Thank you for letting me speak.

W.

2009/12/17 Ken Newman <Ken at adcstudio.com>:
> On 12/17/2009 11:46 AM, Callum Macdonald wrote:
>>
>> Instigated in part by recent discussion on ticket 5066[1], I think the
>> time has come to create a few WordPress forks. I'm imagining a set of
>> patches applied against core rolled into a tgz. I can see a few initial
>> options:
>> * Strip out all the update checking stuff
>> * Anonymize update checking
>> * Security focused patches
>> * Remove post revisions, etc...
>>
>> ...
>>
>> Rather than create a single fork, I propose to create wpflavours (or
>> maybe wpflavors), a project to provide the means to maintain multiple
>> WordPress flavours. I'm seeing an svn repo, patches (maybe using
>> quilt[2]) and a mailing list.
>>
>
> Hello,
>
> I think that the privacy concerns are largely address by a declaration that
> WP does phone home and why that's desirable, and with a link to
> http://markjaquith.wordpress.com/2009/12/14/excluding-your-plugin-or-theme-from-update-checks/
> for those that need to disable checks on sensitive data.
>
> As far as forks go, I don't really think that's needed if the Canonical
> Plugins are used instead. Lots of functionality some would like added to
> core can (shortly) do so with canonical plugins.
>
> Additionally, Functionality that some would like **removed** from the core
> could be likewise dealt with in a canonical plugin.
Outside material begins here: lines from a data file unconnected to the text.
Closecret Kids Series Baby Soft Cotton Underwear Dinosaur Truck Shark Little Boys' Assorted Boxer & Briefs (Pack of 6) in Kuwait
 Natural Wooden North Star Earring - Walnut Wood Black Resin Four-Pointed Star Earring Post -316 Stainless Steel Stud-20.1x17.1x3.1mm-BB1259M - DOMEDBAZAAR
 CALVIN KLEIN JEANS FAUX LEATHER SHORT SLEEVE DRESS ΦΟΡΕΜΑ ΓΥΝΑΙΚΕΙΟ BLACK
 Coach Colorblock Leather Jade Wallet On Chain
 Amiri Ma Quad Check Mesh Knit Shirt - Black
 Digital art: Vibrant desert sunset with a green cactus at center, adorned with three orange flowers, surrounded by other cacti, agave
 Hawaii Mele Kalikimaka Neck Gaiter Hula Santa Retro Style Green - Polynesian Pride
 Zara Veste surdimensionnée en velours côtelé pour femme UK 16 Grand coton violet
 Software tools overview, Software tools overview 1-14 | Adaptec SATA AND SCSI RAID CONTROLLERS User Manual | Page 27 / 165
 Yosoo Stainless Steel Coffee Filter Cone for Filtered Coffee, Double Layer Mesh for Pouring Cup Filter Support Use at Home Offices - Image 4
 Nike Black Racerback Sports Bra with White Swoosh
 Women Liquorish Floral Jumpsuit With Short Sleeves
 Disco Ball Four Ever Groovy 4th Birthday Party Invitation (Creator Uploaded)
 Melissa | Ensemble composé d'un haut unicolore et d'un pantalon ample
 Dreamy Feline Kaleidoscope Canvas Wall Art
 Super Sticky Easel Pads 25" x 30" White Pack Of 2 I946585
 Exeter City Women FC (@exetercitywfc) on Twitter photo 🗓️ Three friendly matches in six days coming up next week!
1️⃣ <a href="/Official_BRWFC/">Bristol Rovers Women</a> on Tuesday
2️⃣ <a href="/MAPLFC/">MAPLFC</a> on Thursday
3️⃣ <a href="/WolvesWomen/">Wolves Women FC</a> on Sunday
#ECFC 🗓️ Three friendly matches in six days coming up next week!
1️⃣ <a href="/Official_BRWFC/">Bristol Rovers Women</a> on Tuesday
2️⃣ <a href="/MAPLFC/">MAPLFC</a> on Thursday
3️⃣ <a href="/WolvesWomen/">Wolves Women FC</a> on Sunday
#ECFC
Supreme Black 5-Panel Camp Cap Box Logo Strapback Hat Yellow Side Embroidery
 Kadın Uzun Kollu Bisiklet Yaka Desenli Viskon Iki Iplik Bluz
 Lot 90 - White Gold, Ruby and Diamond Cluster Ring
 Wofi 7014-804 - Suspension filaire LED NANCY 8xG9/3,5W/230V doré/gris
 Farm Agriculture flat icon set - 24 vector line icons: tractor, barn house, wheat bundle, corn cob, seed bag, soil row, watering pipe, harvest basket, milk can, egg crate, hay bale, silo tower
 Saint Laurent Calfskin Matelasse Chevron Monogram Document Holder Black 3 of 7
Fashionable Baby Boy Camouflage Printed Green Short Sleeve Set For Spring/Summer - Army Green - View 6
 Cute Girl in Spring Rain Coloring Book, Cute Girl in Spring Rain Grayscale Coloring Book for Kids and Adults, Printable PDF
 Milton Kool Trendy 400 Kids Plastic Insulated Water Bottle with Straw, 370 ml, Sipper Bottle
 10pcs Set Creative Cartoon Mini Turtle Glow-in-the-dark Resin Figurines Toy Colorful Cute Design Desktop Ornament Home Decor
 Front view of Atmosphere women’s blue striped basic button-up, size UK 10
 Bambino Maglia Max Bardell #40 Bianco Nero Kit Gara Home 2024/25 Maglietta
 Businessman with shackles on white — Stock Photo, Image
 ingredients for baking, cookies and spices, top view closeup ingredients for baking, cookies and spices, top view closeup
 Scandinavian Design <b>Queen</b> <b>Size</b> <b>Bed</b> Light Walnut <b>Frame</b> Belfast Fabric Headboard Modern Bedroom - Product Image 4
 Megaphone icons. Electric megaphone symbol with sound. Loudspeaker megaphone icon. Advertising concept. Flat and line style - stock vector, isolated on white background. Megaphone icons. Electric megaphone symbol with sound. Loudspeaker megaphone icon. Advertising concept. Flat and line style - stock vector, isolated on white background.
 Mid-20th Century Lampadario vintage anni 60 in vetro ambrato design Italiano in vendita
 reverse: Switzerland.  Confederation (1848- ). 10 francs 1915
This goes for
> non-privacy related functionality like:
>
>  1. Code Editors for Themes and Plugins: Some people hate this and
>     want it out of core, some like it tho; would make a good canonical
>     plugin.
>  2. The new Image Editing Functionality: Some think it adds to much
>     bloat and functionality is too niche. Others absolutely love it. I
>     think it should be a canonical plugin, but installed and activated
>     by default.
>  3. TinyMCE or LightBox: I'm using these as illustrating examples.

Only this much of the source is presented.